El venezolano recuerda que en total, la invitación se extendió a unas 60 u 80 personas de varias partes del mundo, conformando unos seis u ocho grupos entre 1996 y 1997. Sobre todo vinieron desde Estados Unidos y Japón.

El objetivo era promocionar la marca dando a conocer todo el proceso relacionado con su calidad. Al llegar a su ciudad y a su lugar de origen, esta experiencia tenía un efecto multiplicador. Los periodistas publicaban la información y a su vez respondían a las preguntas formuladas por sus colegas, que hacían otro tanto.
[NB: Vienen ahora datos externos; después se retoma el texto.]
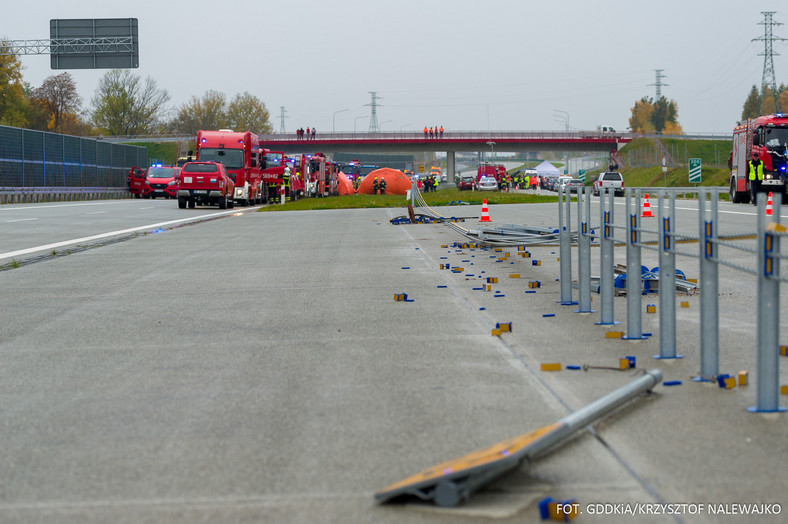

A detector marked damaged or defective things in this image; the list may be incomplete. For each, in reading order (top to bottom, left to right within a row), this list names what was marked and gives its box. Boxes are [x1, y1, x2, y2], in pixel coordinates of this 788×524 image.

bent metal railing [556, 185, 784, 414]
Los chefs comenzaron a demandar los chocolates El Rey para sus creaciones culinarias y también los promocionaron en los cursos de pastelería que dictaron. Fueron compartiendo la información sobre la calidad del producto y la demanda de Chocolates El Rey comenzó a crecer. Tanto que ya para diciembre de este año, diez años después, las exportaciones alcanzaron el 50 por ciento del total de la producción de chocolates El Rey.

Las condiciones generales del país cambiaron. La campaña de promoción La Ruta del Cacao también. El último grupo de visitantes que llegó invitado por Chocolates el Rey en 1998, tuvo que ser acompañado por un operativo importante de seguridad. “Nosotros traíamos a la gente para que conociera lo mejor de nuestras tierras. Ahora no es esto que estamos viviendo lo que queremos que ellos vean. Así que decidimos no traerlos más. Vamos nosotros hacia donde ellos están como parte de una campaña que está diseñada como un road show.

El defensor más destacado del chocolate y su ingrediente primordial asegura que de las tierras con plantaciones de cacao que pertenecían a El Rey, unas mil 200 hectáreas, solo les quedan unas cien. Las tierras no están siendo aprovechadas para cultivos de cacao, sino que más bien los invasores plantaron maíz. Ante la pregunta de qué harán los empresarios para defender sus tierras, Redmon es enfático “Este no es un problema de los empresarios, es un problema que tarde o temprano afectará a todos los venezolanos por igual. La pregunta apropiada es qué vamos hacer los venezolanos. Todos los venezolanos”.

Las exportaciones actuales de Chocolates el Rey están en el orden del 35 por ciento de la producción total. Redmon estima que para diciembre esta cifra habrá cambiado al 50 por ciento. La razón es sencilla. Ellos orientaron sus exportaciones inicialmente hacía el mercado norteamericano donde incluso tienen una gran oficina en Texas. Luego incursionaron con éxito en Japón y ahora comenzarán a ampliar caminos en el mercado europeo. “La Comunidad Europea será el mercado principal de Chocolates El Rey” asegura Redmon sin titubear. Proyecta que un 40 por ciento de las exportaciones del chocolate irá a Estados Unidos, un 30 por ciento a Japón y el resto a Europa.

Las exportaciones no merman la oferta local. El Rey está aliado con Alfonso Rivas y Pandock para la distribución de sus productos a nivel nacional. La distribución es directa para su producto industrial, mercado en el cual ha ganado terreno y ocupa el liderazgo.

Redmon continúa al frente de una empresa cien por ciento venezolana, que le ha dado muchos problemas y le ha llevado a enfrentar múltiples retos. Y que, sin duda alguna, continúa dándole infinitas satisfacciones.